◆ Study material
# # # # #

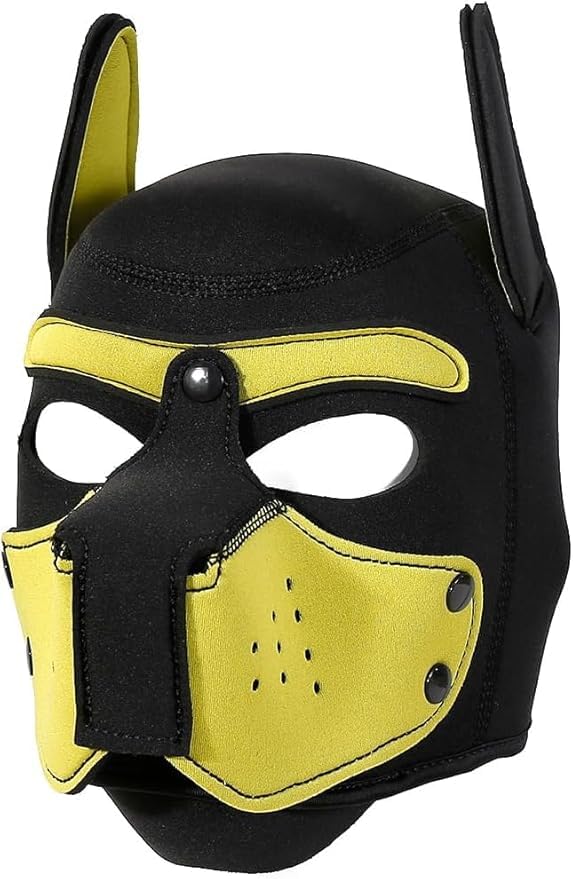 Dog Head Masks Animal Full Face Head Mask Neoprene Material, Halloween Cosplay Novelty Costume, Roleplay Puppy Hood (Yellow) โ image 1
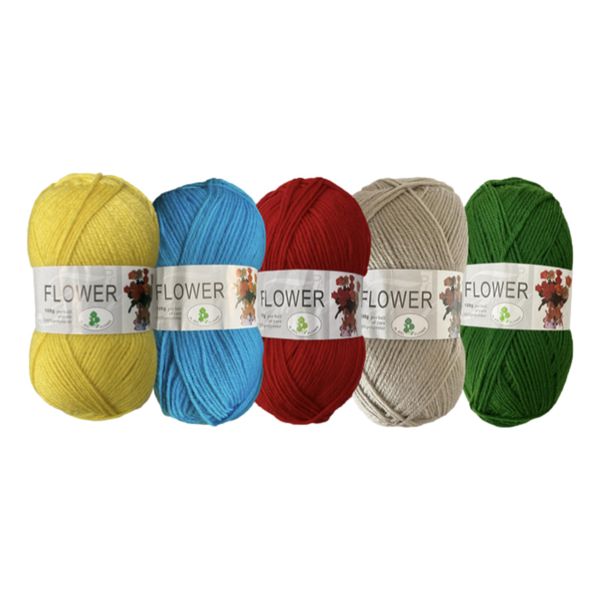 Double Knitting Polyester Yarn 100g (Pack of 5) Bright Assorted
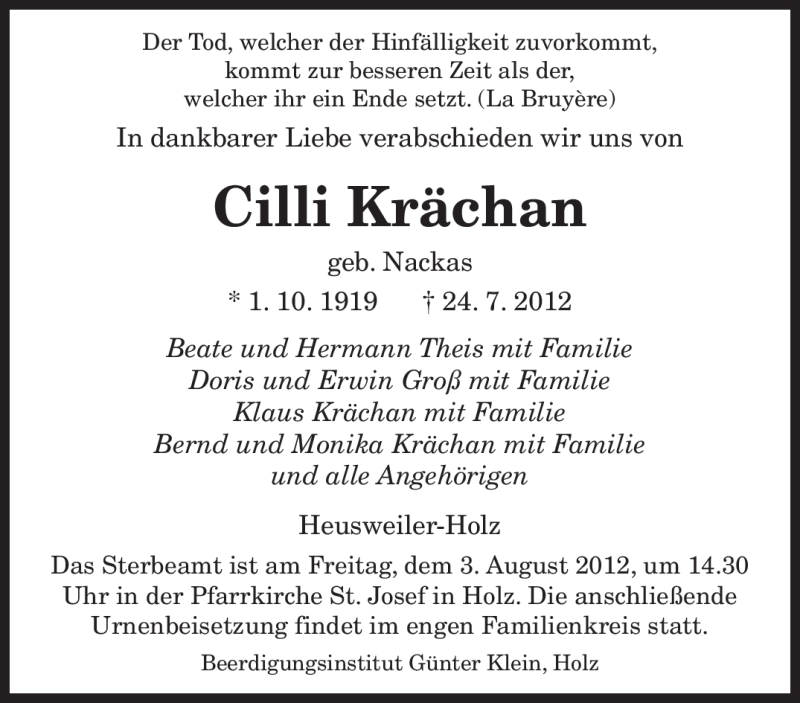  Traueranzeige für Cilli Krächan vom 01.08.2012 aus SAARBRÜCKER ZEITUNG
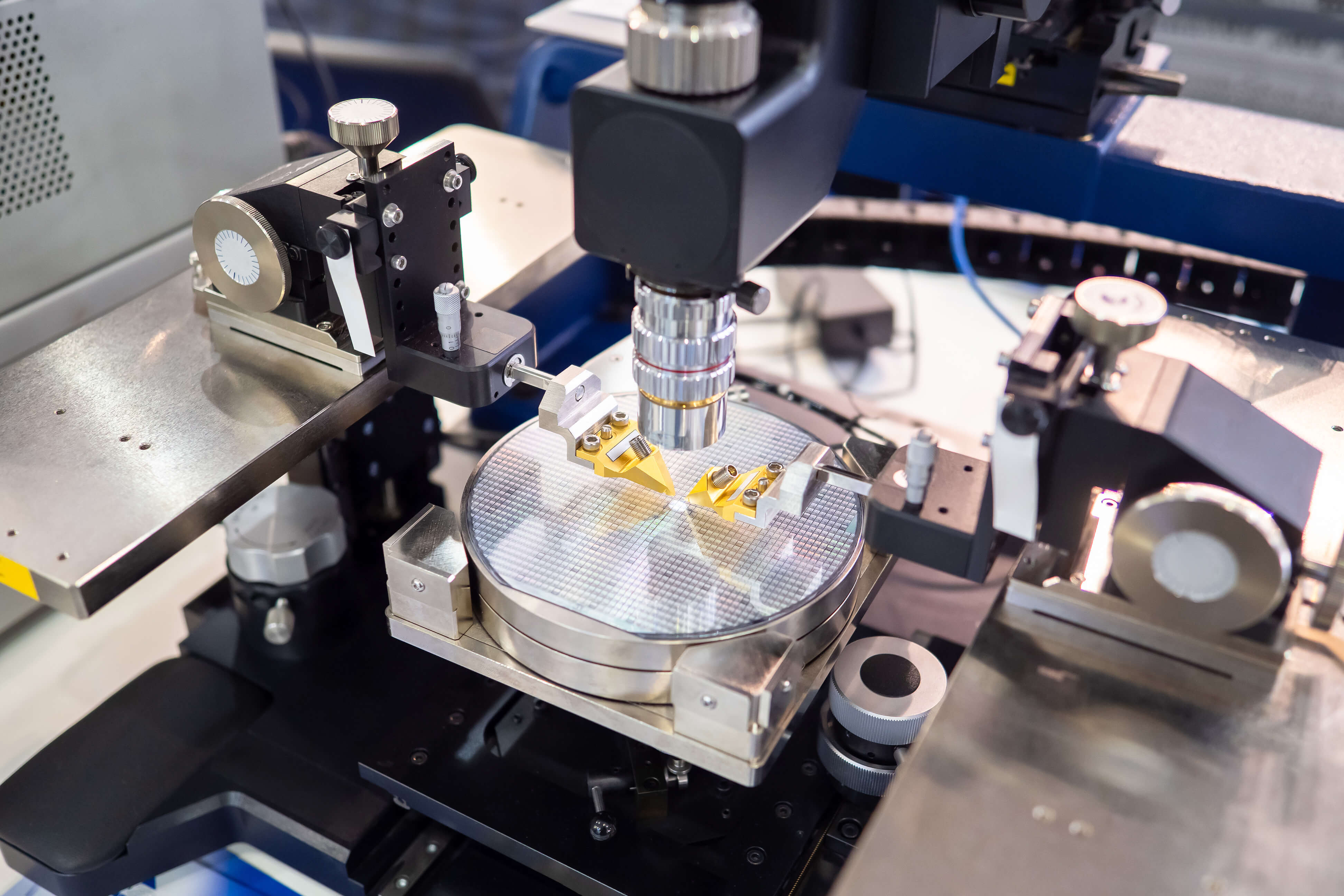 A modern 3D printer printing a metal turbine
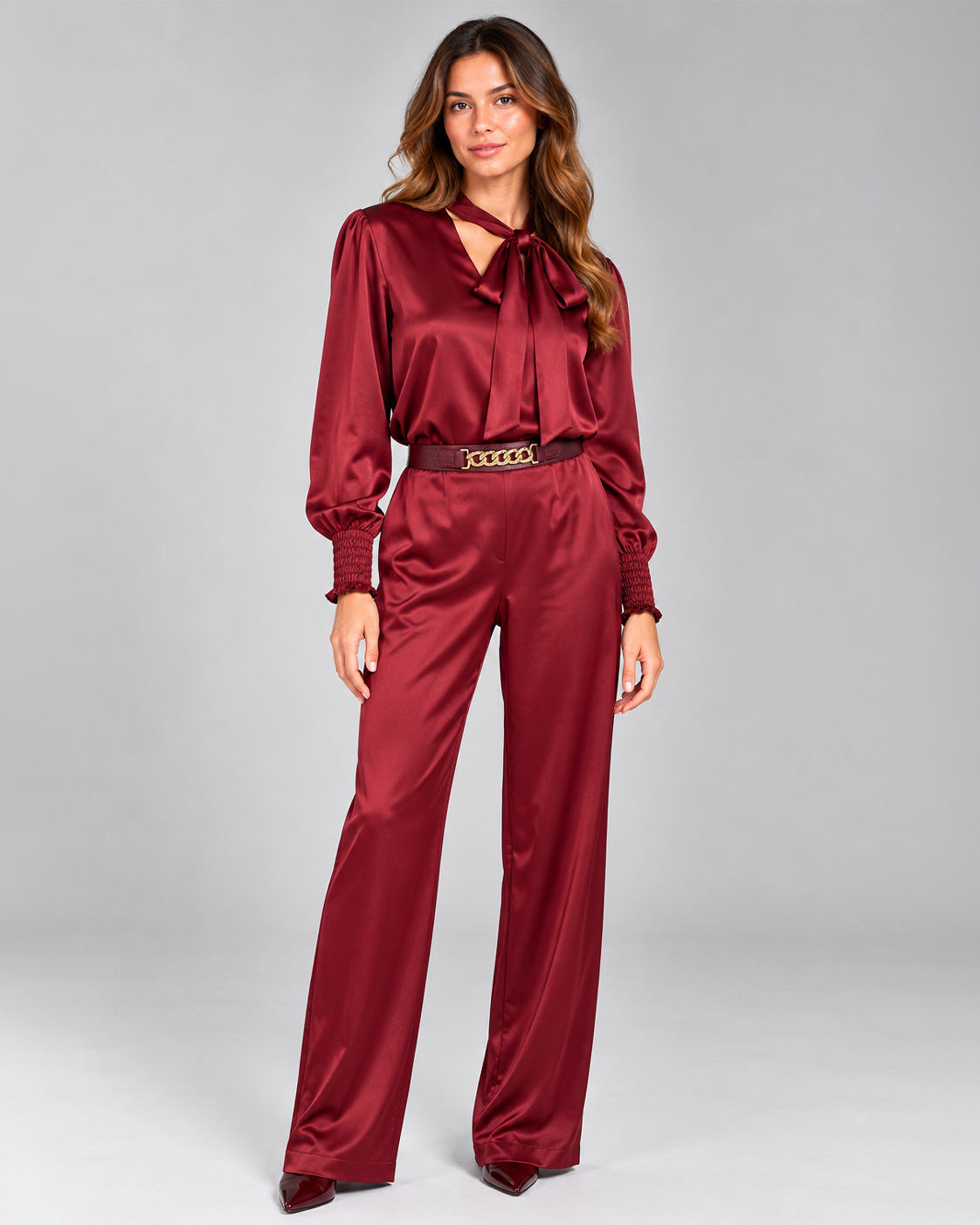 Bordo Saten Beli Yarım Lastikli Pantalon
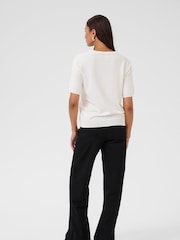 Kaffe KAcarly Short Sleeve Pullover White Jumper - Image 3 of 6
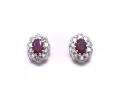 9ct Yellow Gold Ruby & Diamond Cluster Earrings
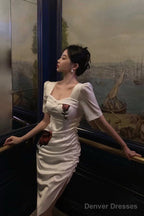 Stunning Sheath Square Neckline Short Sleeves Date Night Dress White Prom Dresses Birthday Outfit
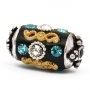 Black Beads Studded with Metal Rings, Rhinestones & Accessories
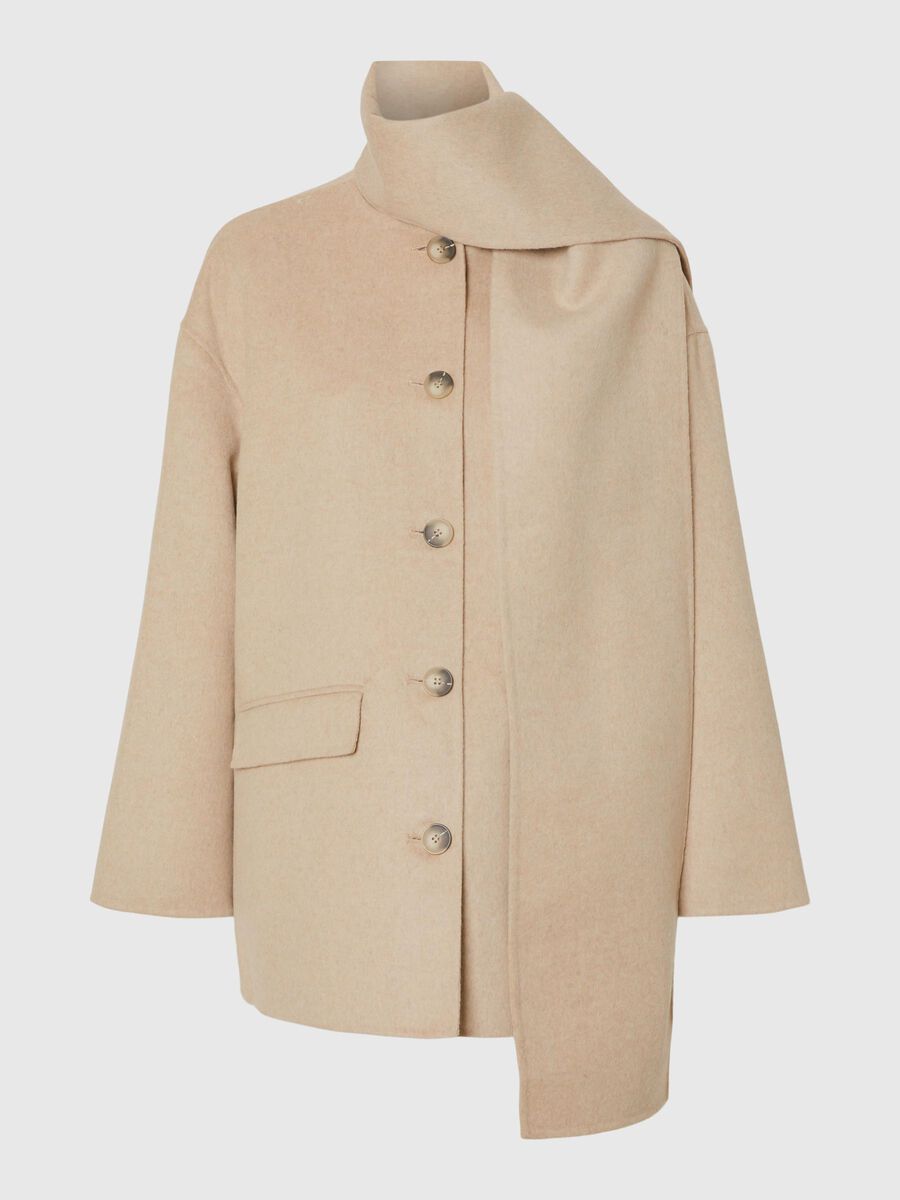 Selected WOOL BLEND SCARF JACKET, Sandshell, highres - 16094229_Sandshell_001.jpg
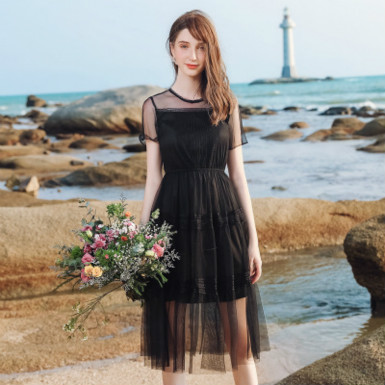 Fashion Dress Woman Luxury Clothes Sexy Slim Dress Brand Womens Round Neck One Button Net Yarn A-line Skirt High Quality 2020 Summer New, Black
Fashion Dress Woman Luxury Clothes Sexy Slim Dress Brand Womens Round Neck One Button Net Yarn A-line Skirt High Quality 2020 Summer New, Black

# # # # #

◆ Your assignment
In your copy, include no pictures, but reproduce all records exactly.

◆ Problem solution
 Dog Head Masks Animal Full Face Head Mask Neoprene Material, Halloween Cosplay Novelty Costume, Roleplay Puppy Hood (Yellow) โ image 1
 Double Knitting Polyester Yarn 100g (Pack of 5) Bright Assorted
  Traueranzeige für Cilli Krächan vom 01.08.2012 aus SAARBRÜCKER ZEITUNG
 A modern 3D printer printing a metal turbine
 Bordo Saten Beli Yarım Lastikli Pantalon
 Kaffe KAcarly Short Sleeve Pullover White Jumper - Image 3 of 6
 9ct Yellow Gold Ruby & Diamond Cluster Earrings
 Stunning Sheath Square Neckline Short Sleeves Date Night Dress White Prom Dresses Birthday Outfit
 Black Beads Studded with Metal Rings, Rhinestones & Accessories
 Selected WOOL BLEND SCARF JACKET, Sandshell, highres - 16094229_Sandshell_001.jpg
 Fashion Dress Woman Luxury Clothes Sexy Slim Dress Brand Womens Round Neck One Button Net Yarn A-line Skirt High Quality 2020 Summer New, Black
Fashion Dress Woman Luxury Clothes Sexy Slim Dress Brand Womens Round Neck One Button Net Yarn A-line Skirt High Quality 2020 Summer New, Black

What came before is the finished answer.